Source material START

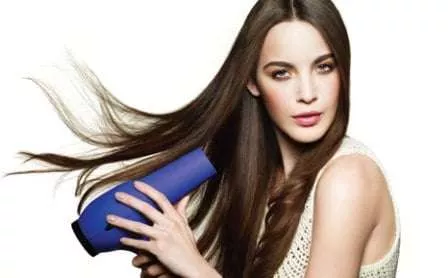 Setelah Keramas, Ini 5 Cara Keringkan Rambut yang Benar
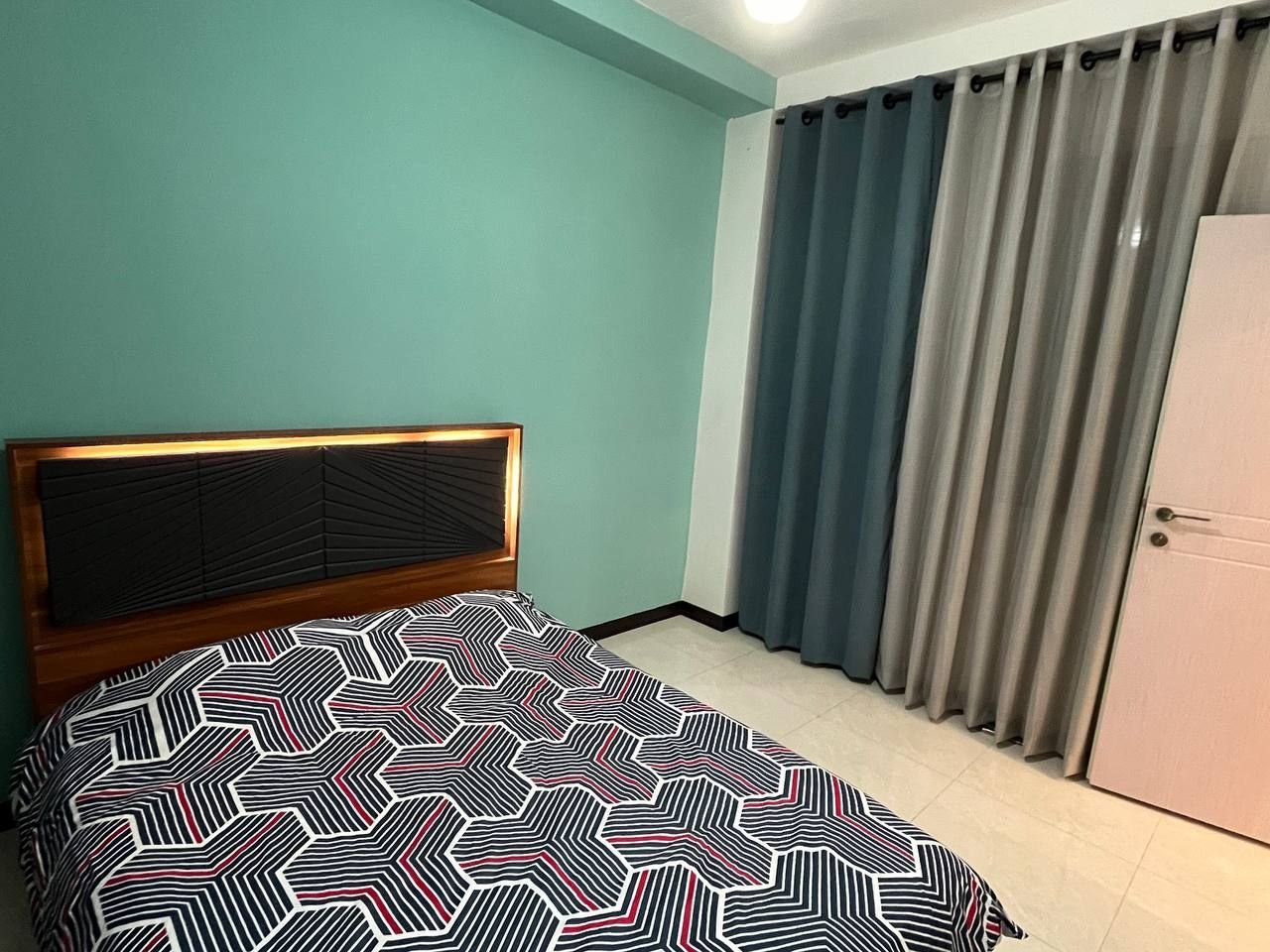 دوخوابه استخردار آبگرم ولیعصری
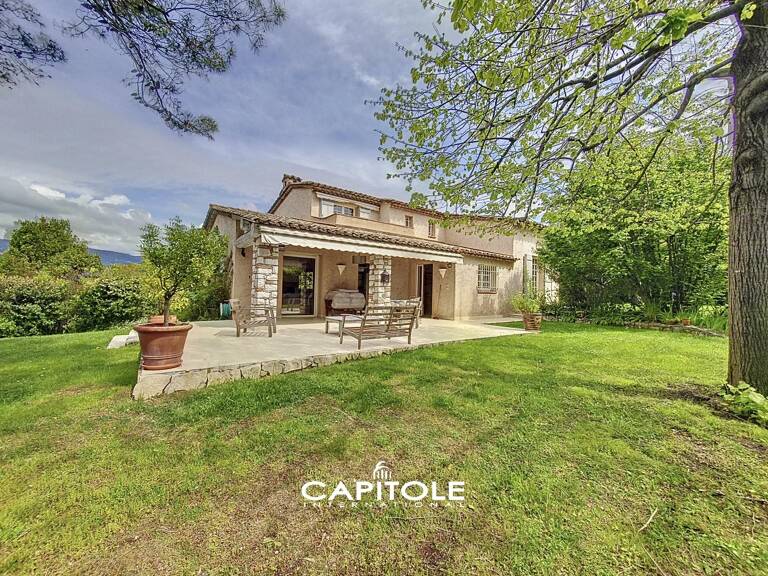 Coup de cœur pour cette très belle villa en position dominante, — photo 1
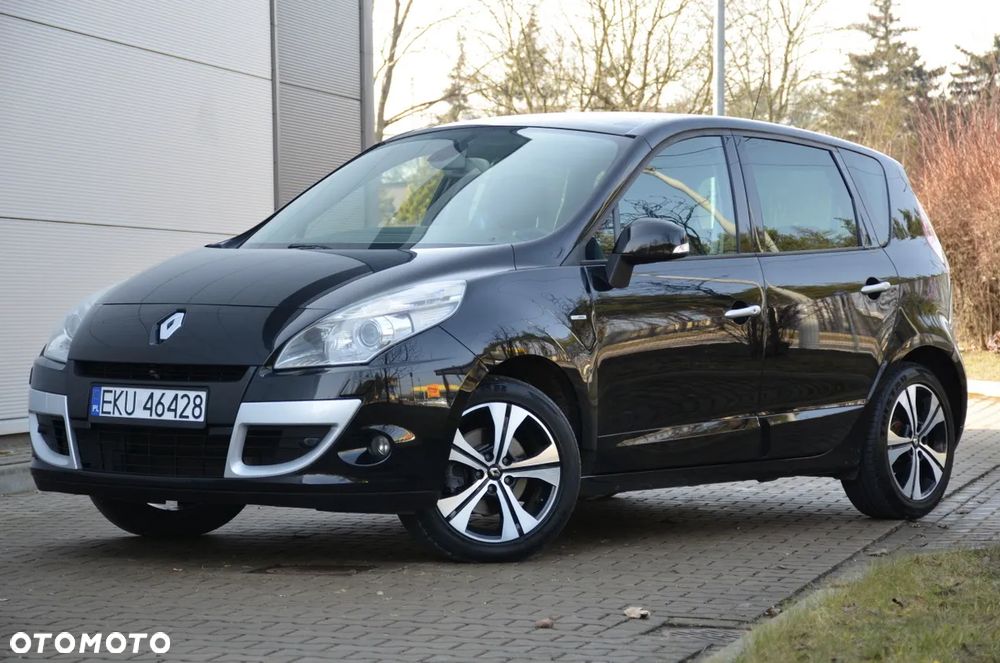 Renault Scenic 2.0 16V 140 CVT Bose Edition - 3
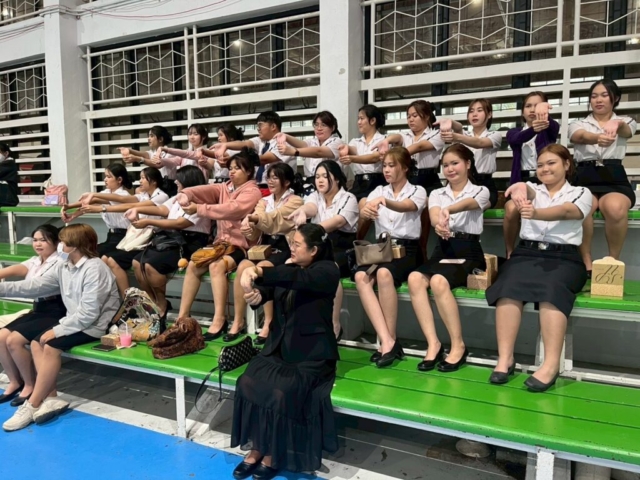 LINE_ALBUM_ประถมศึกษา อบรมบุคลิกภาพ_251215_51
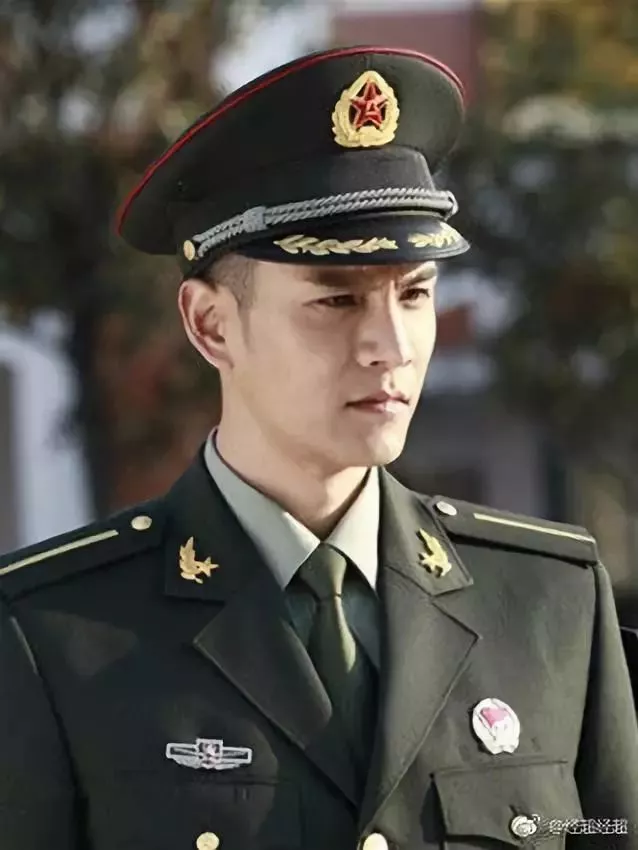 这期《我就是演员》凌云彻来当兵了,热搜体经超"浑身是宝"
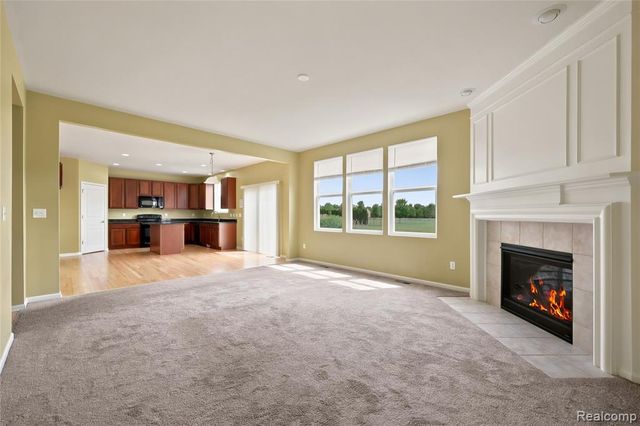 56626 Leeds Lane, Macomb, MI 48042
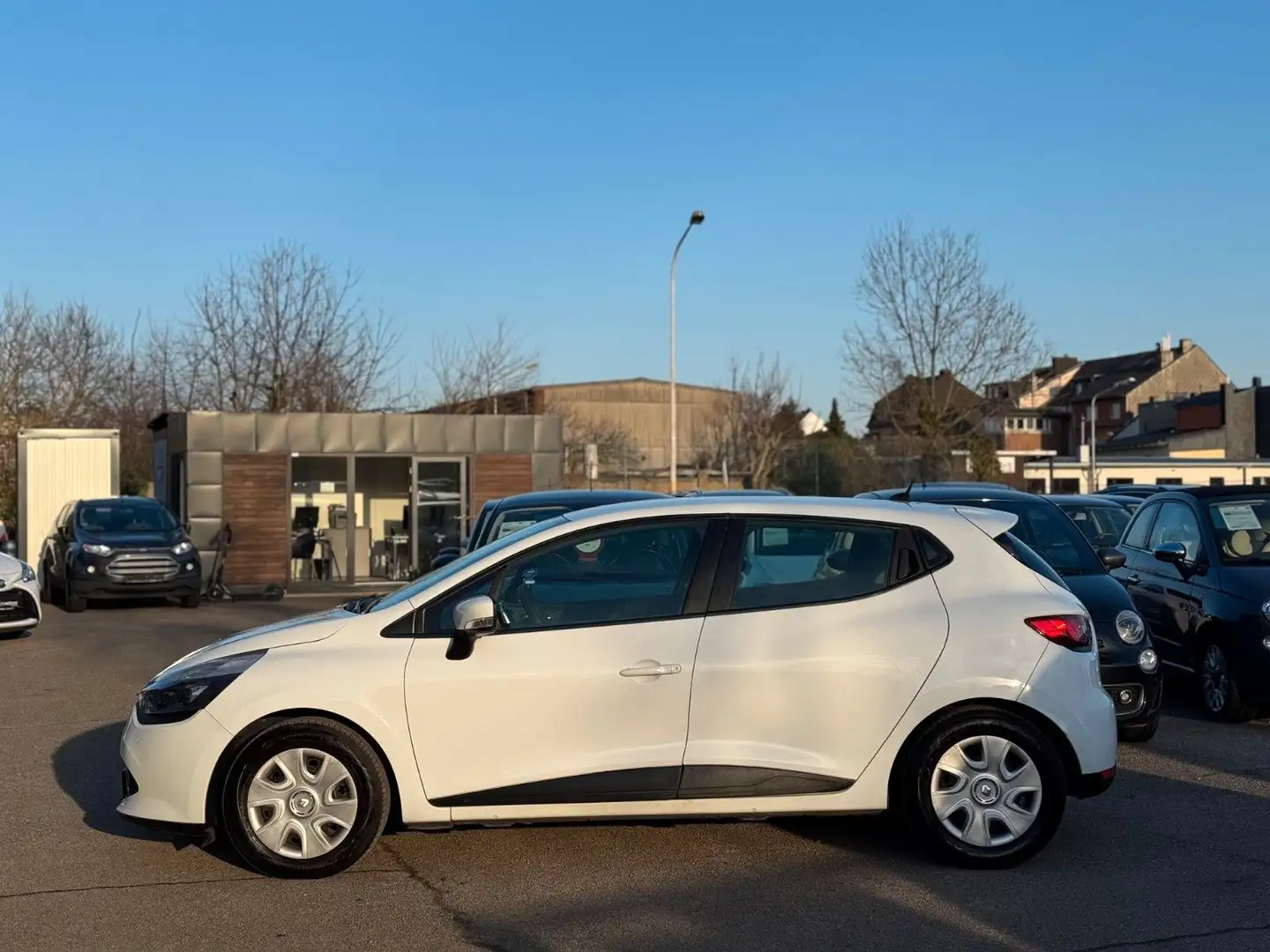 Renault Clio IV Expression Weiß - 2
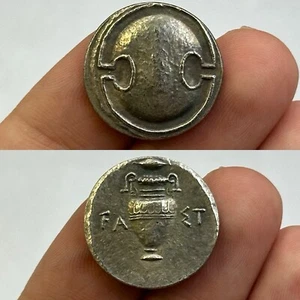 Unica moneta unica antica greca rivestita in argento squisita - Foto 1 di 12
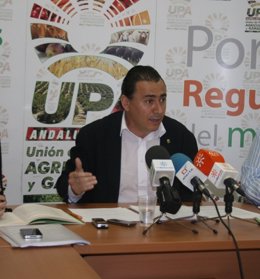 El Secretario General De UPA-A, Agustín Rodríguez.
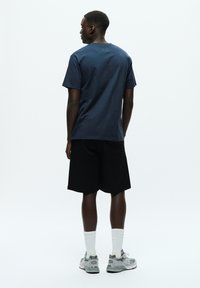 DOUBLE A BY W.W. ACE  - Print T-shirt - outer space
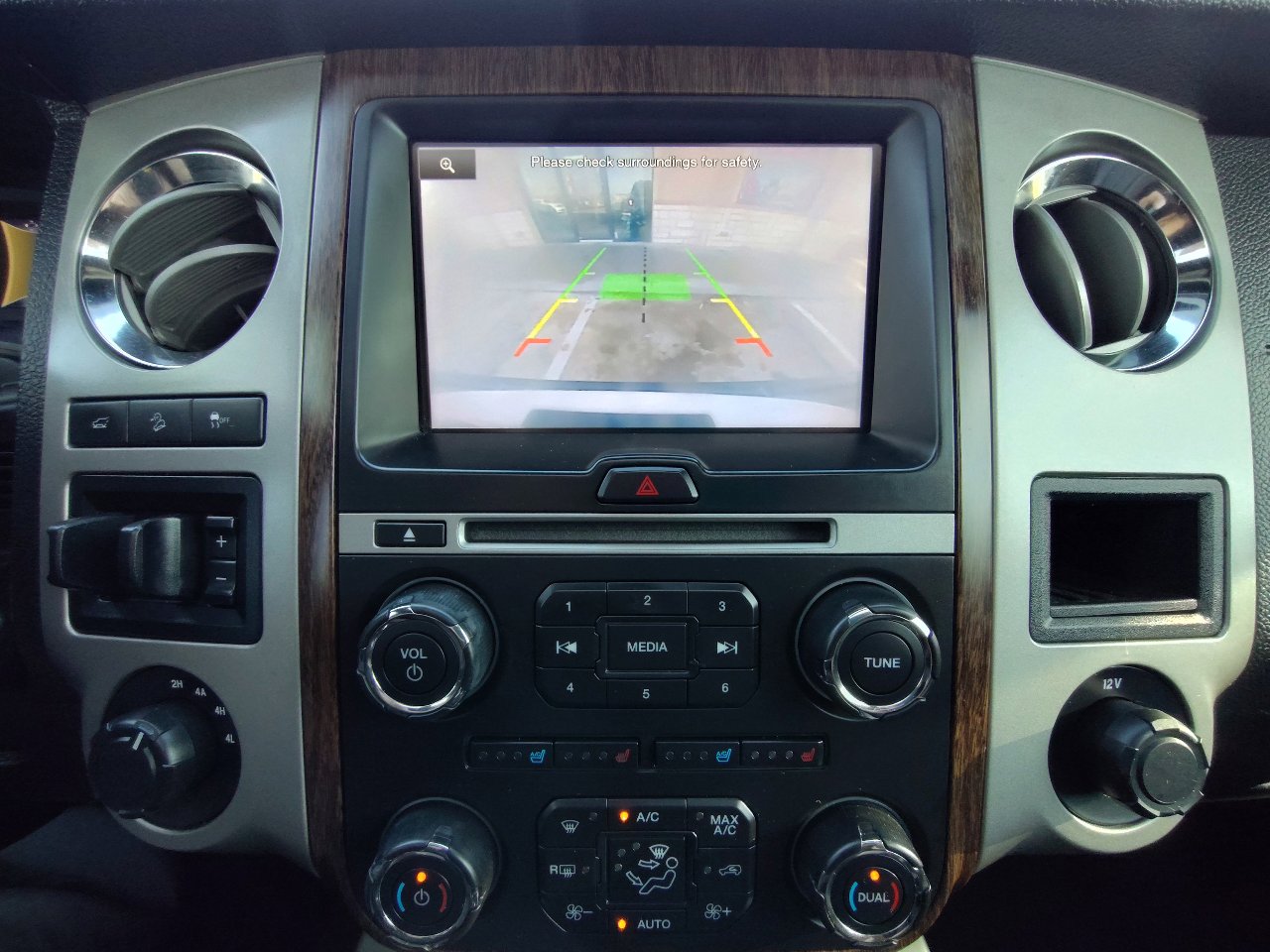 Used 2015 Ford Expedition EL King Ranch image 22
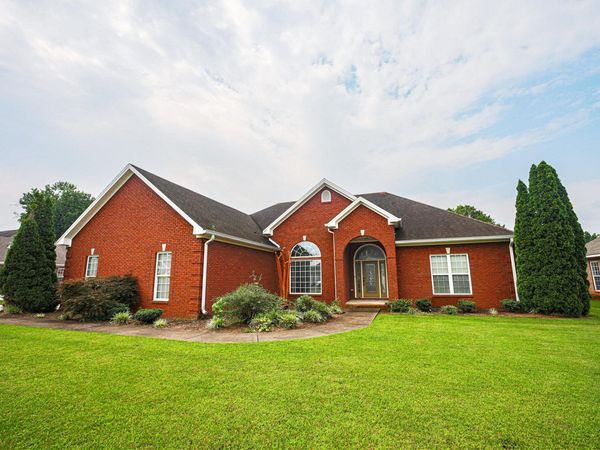 1806 Woodside, Muscle Shoals, AL 35661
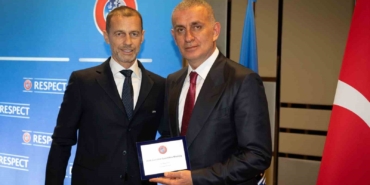 TFF Başkanı Hacıosmanoğlu, UEFA Yönetim Kurulu Toplantısı’na katıldı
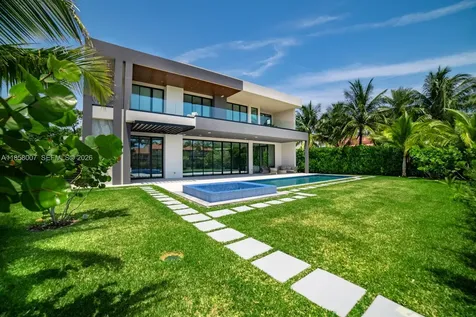 493 Holiday Drive Hallandale Beach FL 33009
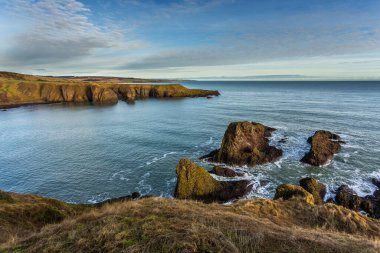 Dunnottar Kalesi 'ndeki uçurum ve sahil manzarası. Stonehaven, Aberdeenshire, İskoçya, Birleşik Krallık.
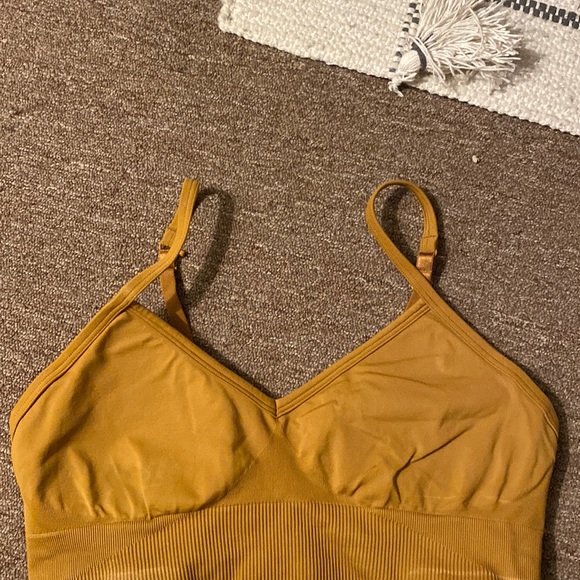 lululemon athletica Other - Lululemon Bra size 10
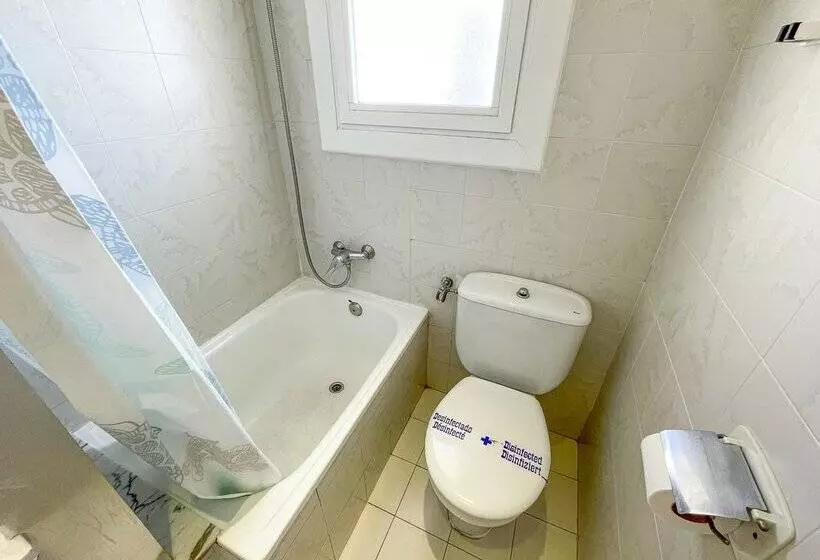 Apartamentos Sol y Mar Segur 3000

Source material END

* _What you need to do_
Send back the entries above exactly. Skip the images.

* _Exercise answer_
 Setelah Keramas, Ini 5 Cara Keringkan Rambut yang Benar
 دوخوابه استخردار آبگرم ولیعصری
 Coup de cœur pour cette très belle villa en position dominante, — photo 1
 Renault Scenic 2.0 16V 140 CVT Bose Edition - 3
 LINE_ALBUM_ประถมศึกษา อบรมบุคลิกภาพ_251215_51
 这期《我就是演员》凌云彻来当兵了,热搜体经超"浑身是宝"
 56626 Leeds Lane, Macomb, MI 48042
 Renault Clio IV Expression Weiß - 2
 Unica moneta unica antica greca rivestita in argento squisita - Foto 1 di 12
 El Secretario General De UPA-A, Agustín Rodríguez.
 DOUBLE A BY W.W. ACE  - Print T-shirt - outer space
 Used 2015 Ford Expedition EL King Ranch image 22
 1806 Woodside, Muscle Shoals, AL 35661
 TFF Başkanı Hacıosmanoğlu, UEFA Yönetim Kurulu Toplantısı’na katıldı
 493 Holiday Drive Hallandale Beach FL 33009
 Dunnottar Kalesi 'ndeki uçurum ve sahil manzarası. Stonehaven, Aberdeenshire, İskoçya, Birleşik Krallık.
 lululemon athletica Other - Lululemon Bra size 10
 Apartamentos Sol y Mar Segur 3000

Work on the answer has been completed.